About this task: Line by line, retype the whole listing exactly.

Data excerpt:
-- Opening Marker --

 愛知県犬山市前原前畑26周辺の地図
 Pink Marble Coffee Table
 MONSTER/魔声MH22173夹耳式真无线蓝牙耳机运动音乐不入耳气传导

-- Closing Marker --

Exercise solution:
 愛知県犬山市前原前畑26周辺の地図
 Pink Marble Coffee Table
 MONSTER/魔声MH22173夹耳式真无线蓝牙耳机运动音乐不入耳气传导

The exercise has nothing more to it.